For months local health officials have warned about exponential spread of the coronavirus, and how the holidays promised a grim future if we failed to follow guidelines to prevent it. In our daily call to the Waco- McLennan County Public Health District offices, spokesperson Kelly Craine is running out of ways to say that people just aren’t listening to CDC guidance. It doesn’t do much good to wear a mask to the grocery store, then take it off when people we don’t live with come over for dinner. Familial spread has been by far the single biggest lifeline of this virus for months. We relax around family and friends and the virus does the rest.

The winter wave of cases here began in early November and hasn’t slowed down. In the first nine days of 2021 we’ve seen 1,568 new cases and 25 deaths from COVID-19. Our seven-day rolling average positivity rate from testing is at a pandemic-high 23%. This past week we crossed the 20,000-case threshold , and our death toll reached 308 with six new deaths reported Saturday.

The mobile morgue, procured by the city of Waco to help store bodies, is filling up fast.

To date, 8% of the county’s population has tested positive for COVID-19. About 25% of those have come within the last month.

We are justified in our frustration of the slow rollout of vaccines in Waco and McLennan County. Governments upstream of us have not proven effective at getting shots into arms fast enough. The supply of the Pfizer and Moderna vaccines has been limited here. Doses that make it to McLennan County don’t spend much time on shelves — they’re going straight into an abundant supply of willing people.

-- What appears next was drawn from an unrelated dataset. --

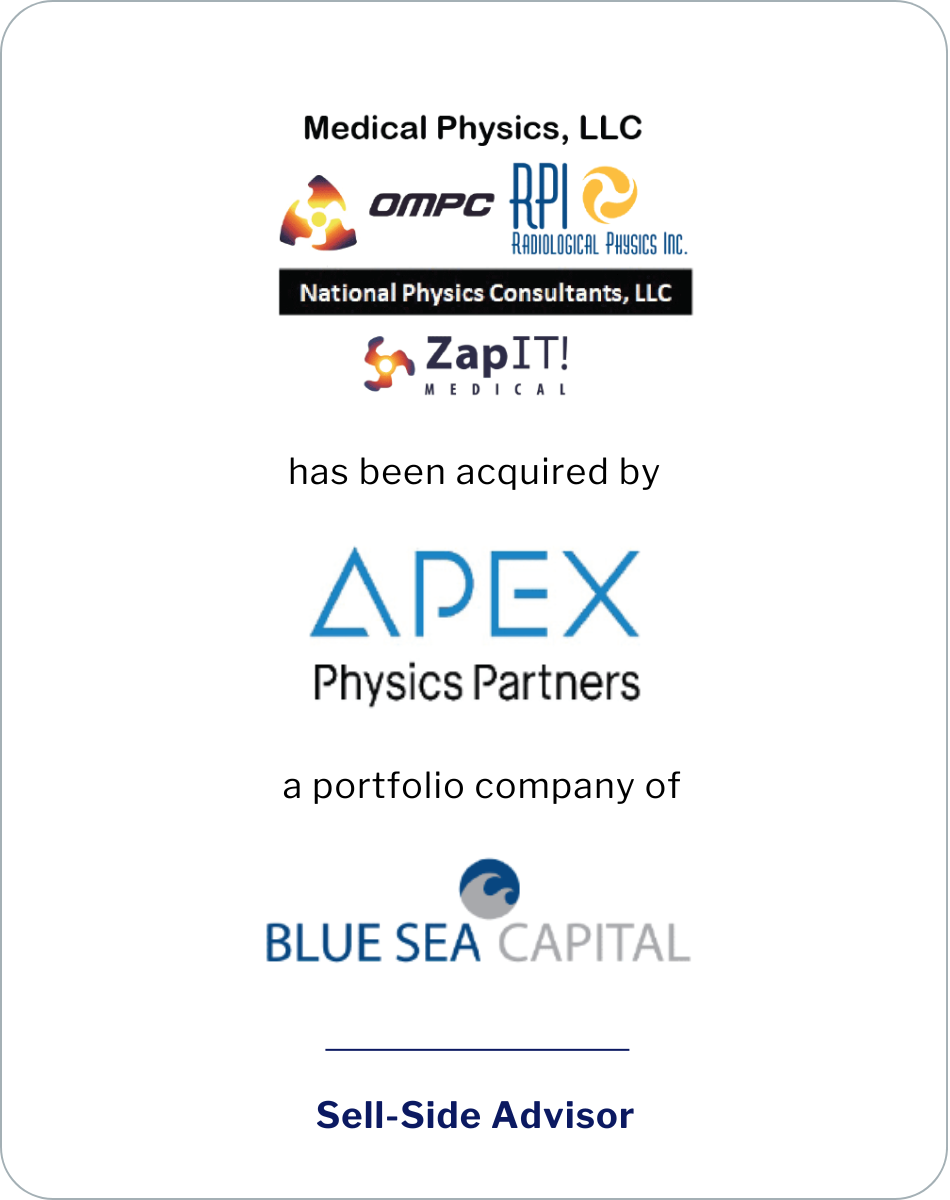 SC&H Capital Advises Medical Physics, LLC on its Acquisition by Apex Physics Partners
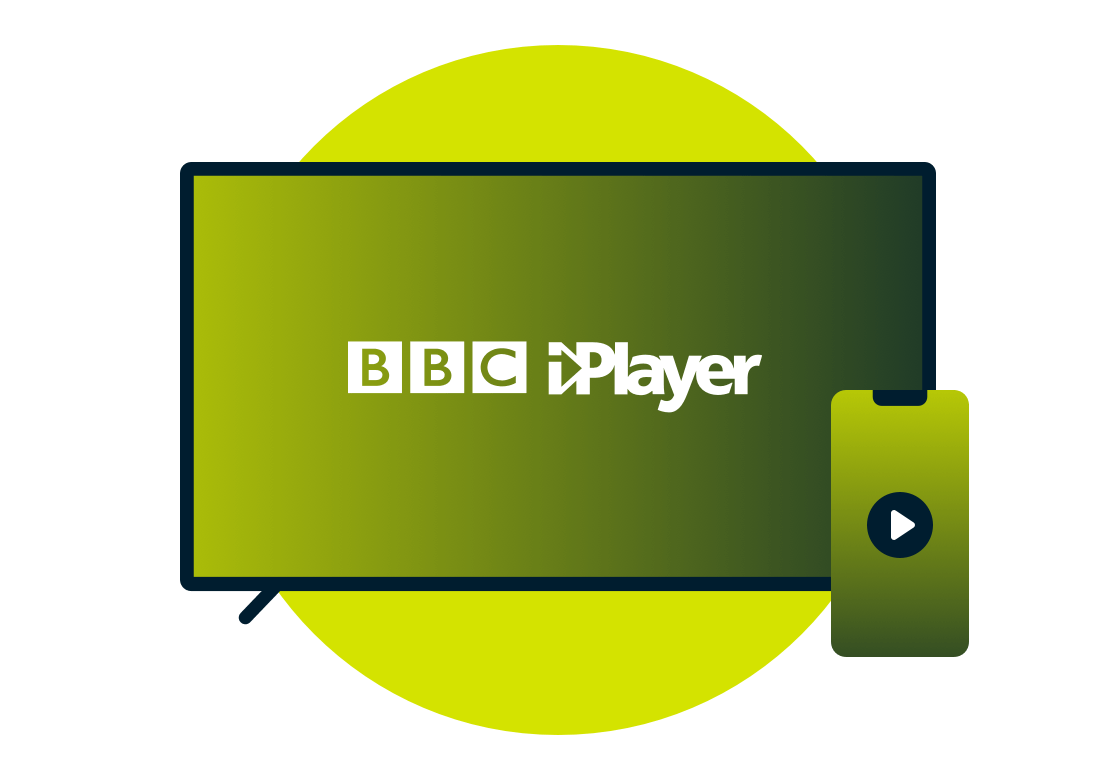 En b&aelig;rbar PC og telefon med BBC iPlayer-logo.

In the 24 days since the first vaccine was administered here, we’ve averaged 190 doses per day. At that rate it will take nearly three years to vaccinate the 198,642 people in McLennan County over the age of 16. As supplies increase, so will the number of people per day getting vaccinated.

And it is frustrating to see our local case counts remain so high for so long. We’re moving into the middle of January and the recent surges caused by holiday gatherings should subside. However, the 23% positivity rate suggests the virus remains rampant in the county. It also backs the continued statements of public health officials who say we’re not doing enough to prevent its spread.

For now, however, COVID-19 is moving rapidly throughout the community, so avoid gatherings, wash your hands frequently and wear a mask when in proximity to other people.

This past week the Tribune-Herald added vaccination totals to our Page 1 COVID-19 tracking box. We look forward to the day when that number is the only one growing in that space.